=== What is being asked ===
What you return should be the complete data below, word for word, with no pictures in it.

──────── Dataset extract ────────

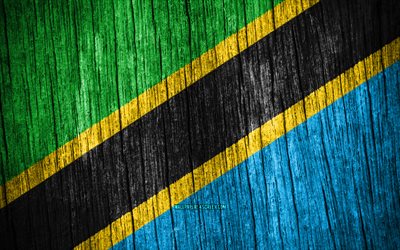 4K, Flag of Tanzania, Day of Tanzania, Africa, wooden texture flags, Tanzanian flag, Tanzanian national symbols, African countries, Tanzania flag, Tanzania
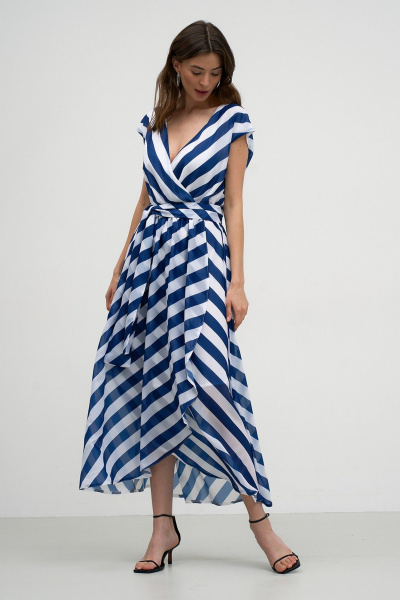 Платье в полоску с имитацией запаха и талью Art Ribbon M1030P - фото 1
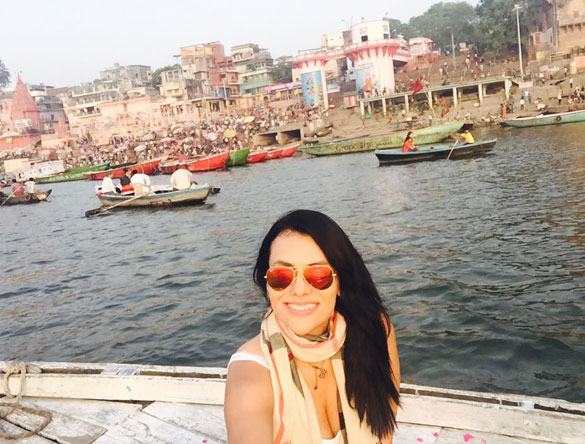 Bertha Gudino enjoying morning boat ride at river Ganges Varanasi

────────

=== Result of this exercise ===
 4K, Flag of Tanzania, Day of Tanzania, Africa, wooden texture flags, Tanzanian flag, Tanzanian national symbols, African countries, Tanzania flag, Tanzania
 Платье в полоску с имитацией запаха и талью Art Ribbon M1030P - фото 1
 Bertha Gudino enjoying morning boat ride at river Ganges Varanasi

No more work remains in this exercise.